Как и в любом ведомстве, в КГБ кроме умных людей, с которыми всегда можно было найти общий язык и решить любой вопрос, были и недалекие, а то и просто глупые люди. Одно время заместителем Сергеева по режиму (значительное лицо на фирме) был некто Шварчевский, в прошлом сотрудник КГБ, дослуживший до чина полковника. Мне довелось слышать его рассуждения на тему «кто есть кто». Он говорил примерно так: «Мы вас, специалистов, наняли на работу, и вы должны ее выполнять, а мы будем контролировать!» Кого он понимал под словом «мы» нетрудно догадаться, а в разряд «специалистов» включались все, вплоть до министра. Другими словами, вся страна в его понимании была громадной «шарашкой», «мы» — это охрана лагерей, а все остальные — заключенные. Его уволили с этой должности в период хрущевской оттепели, когда выяснилось, что в период Отечественной войны он командовал заградотрядом и отдал приказ стрелять по отходящему под натиском фашистов стрелковому полку. Дело происходило на переправе через Днепр, и закончилось оно тем, что командир полка переправил полк в другом месте, и ударил по заградотряду, окопавшемуся на восточном берегу Днепра, с тыла. При этом он захватил некоторые документы, которые были опубликованы в период оттепели. Все ответственные участники расстрела, включая Шварчевского, были уволены. К счастью таких людей как Шварчевский было мало. Н.А.Решетов, так же бывший работник КГБ, занимавший пост заместителя по режиму, был умным и спокойным человеком, всякие неизбежные происшествия по режиму улаживал без лишнего шума.
Параллельно с работами по баллистическому варианту ракеты Р36, велись работы по ее глобальному варианту с индексом 8К69. Это был принципиально новый вид ракеты, обусловленный схемой ее полета. Если баллистическая ракета совершала управляемый полет только на активном участке, составляющим незначительную часть полной траектории, то глобальная или орбитальная ракета совершала управляемый полет на значительном участке траектории вплоть до входа боевой части в плотные слои атмосферы в районе цели.
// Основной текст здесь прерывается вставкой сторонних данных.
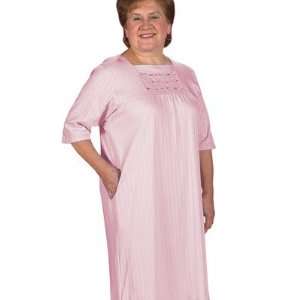   0262400 Womens Designer Hospital Gown Size Small, Color Pink Baby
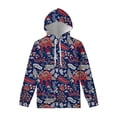 thumbnail image 5 of Sudadera con capucha para hombre de Harajuku con estampado gráfico de flores en 3D, ropa informal de gran tamaño, jerséis florales abstractos de gran tamaño de Harajuku, 5 of 5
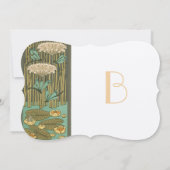 Invitation Police Art Nouveau Dragonfly foncé RVB Code Hexadé (Dos)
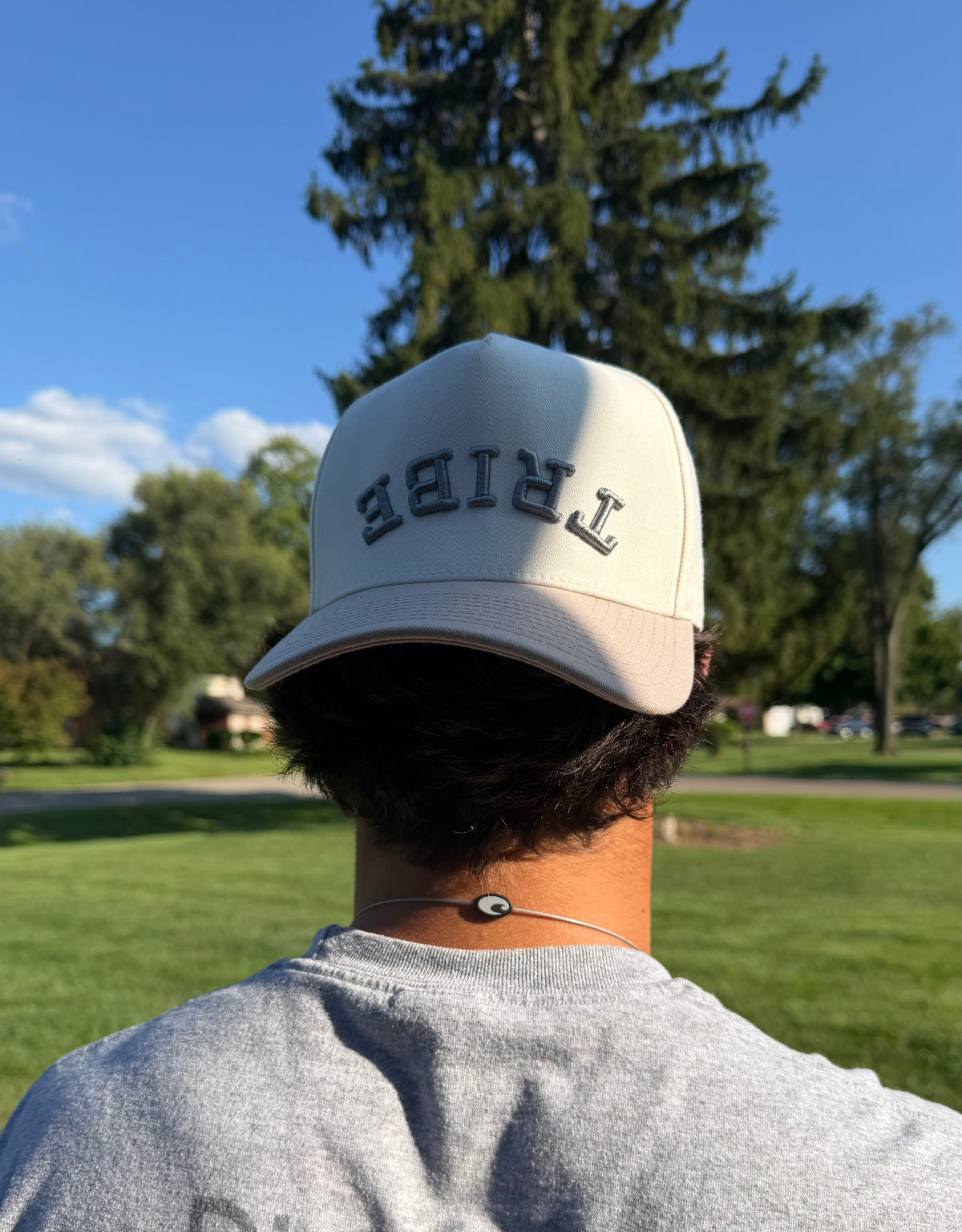 Tribe Vintage White / Khaki HERITAGE 5-PANEL SNAPBACK CAP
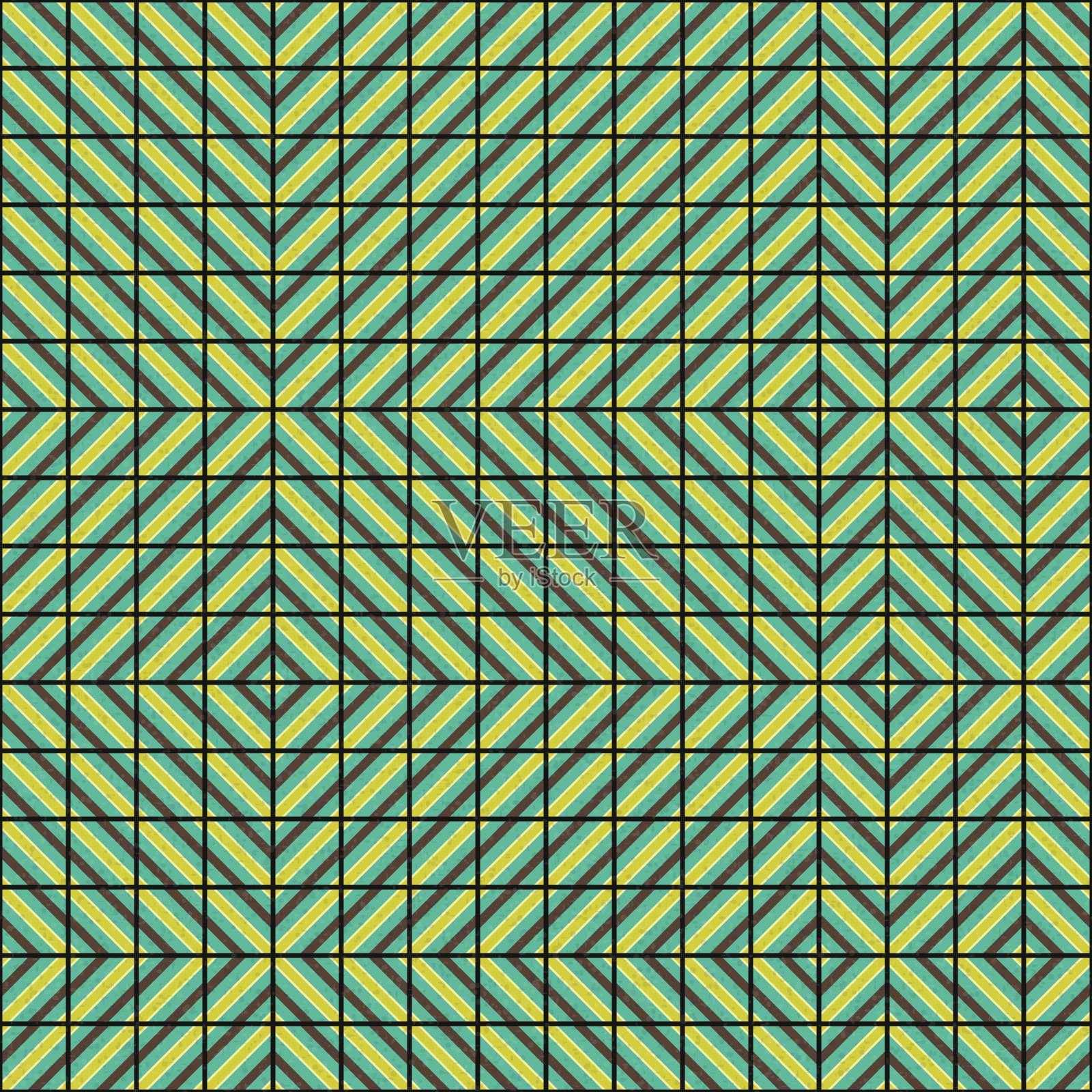 抽象几何图案生成计算艺术插图插画图片素材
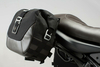 SW-Motech Legend Gear LC,  side bag system,  color: Black/Dark Brown,  size: LC2 Left/LC1 Right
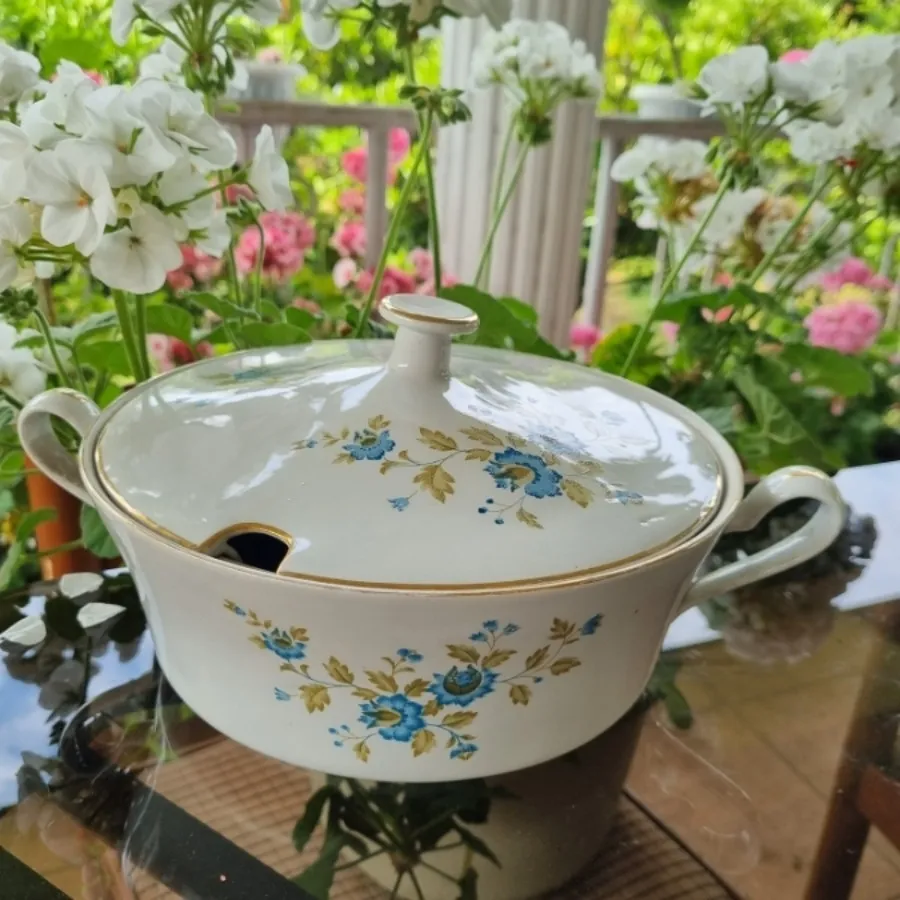 سوپینگ گل آبی قدیمی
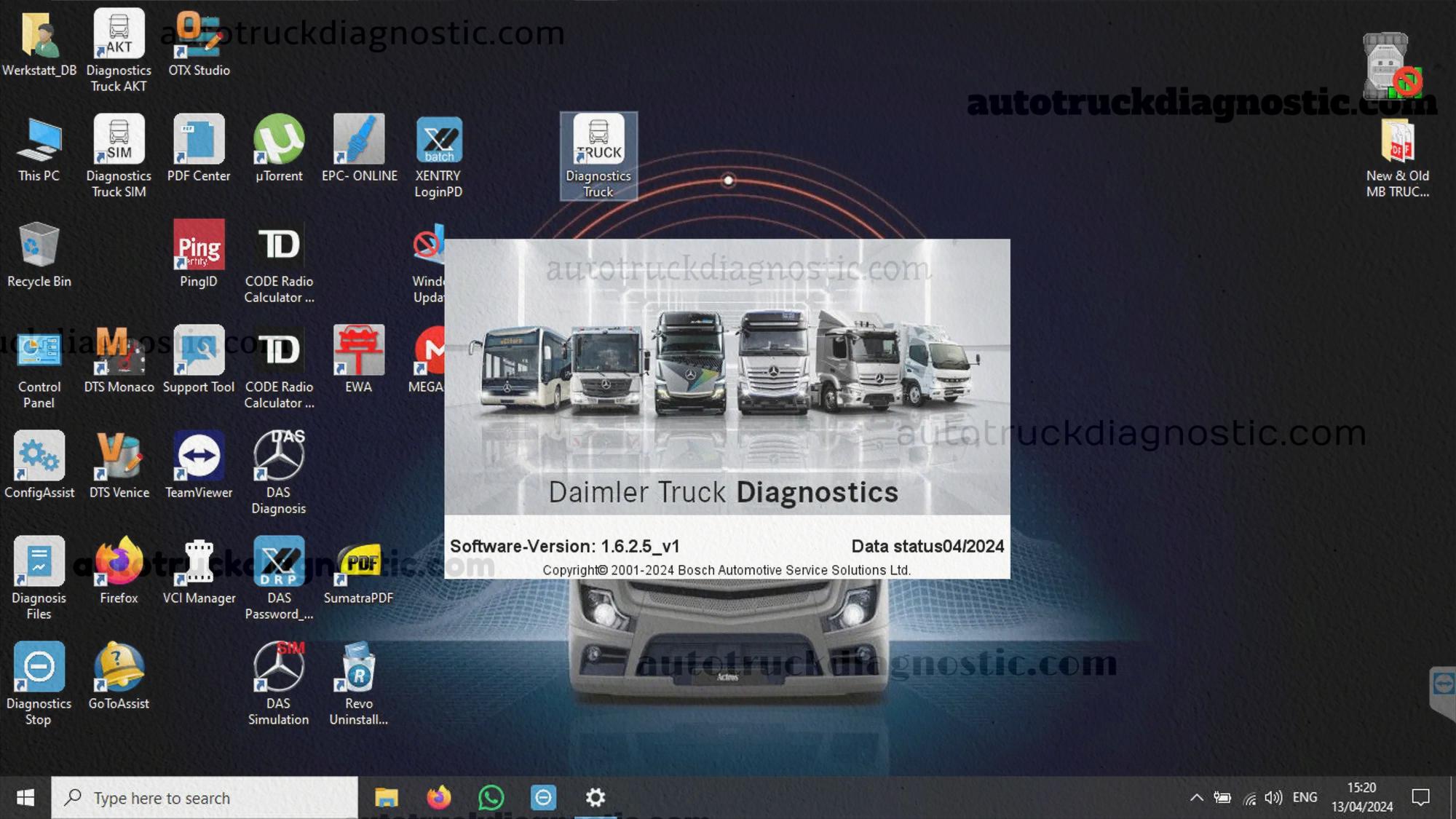 Mercedes Xentry PassThru Daimler Truck Diagnostic 2024 1 2024 xentry truck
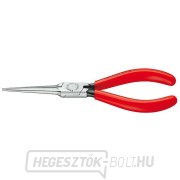 KNIPEX 31 11 160 Félkör alakú tűfogó fogó 160 mm-es fogáshoz - polírozott fej, műanyag hüvelyek gallery main image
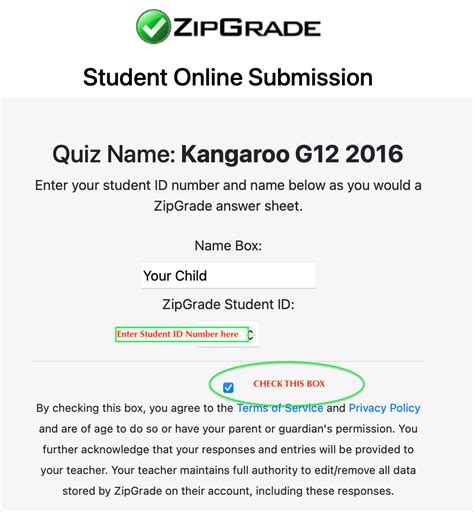 Zipgrade Student Portal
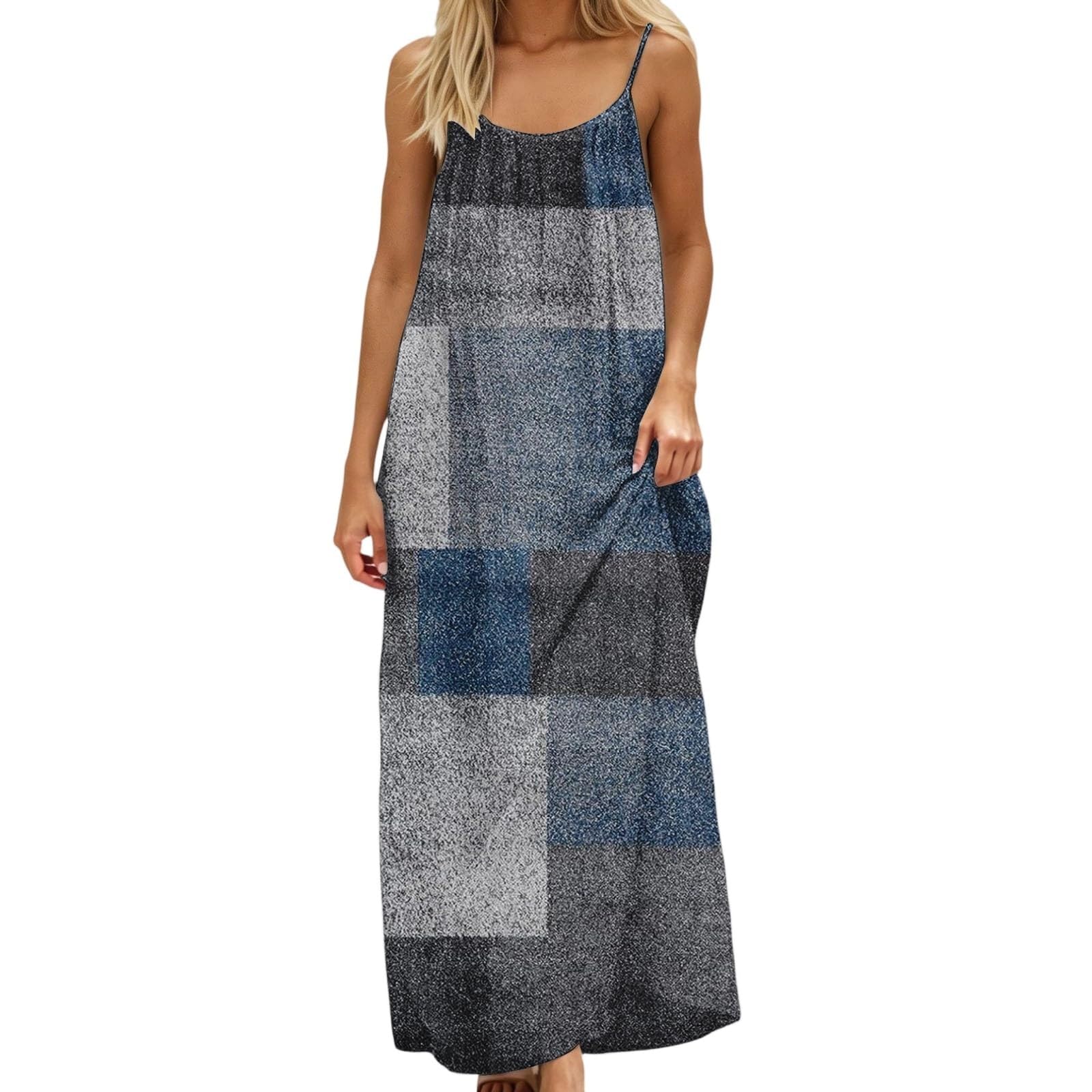 Robe sans manches dos nu coupe ample et décontractée - 8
Соответственно ракета имела участок выведения, как и баллистическая, заканчивающийся выведением головной части на орбиту искусственного спутника Земли. Затем совершала управляемый полет на орбите. В нужный момент включалась тормозная двигательная установка, обеспечивающая сход с орбиты, и только после завершения ее работы отделялась боевая часть, которая совершала свободный, т.е. неуправляемый полет до цели. При такой схеме полета функции системы управления существенно усложнялись. Много проблем возникало с обеспечением точности стрельбы, ведь предельной дальностью для ракеты был виток ИСЗ, (около 40000 км). Нами были разработаны и тщательно проанализированы несколько схем полета, соответственно требований к системе управления и орбитальной части. В конечном итоге был принят вариант, определяющие моменты в котором заключались в необходимости коррекции траектории полета с помощью радиовысотомера, работающего в двух точках орбитального полета и в обеспечении угла входа боевого блока в плотные слои атмосферы с углами близкими к углам входа обычной баллистической головки.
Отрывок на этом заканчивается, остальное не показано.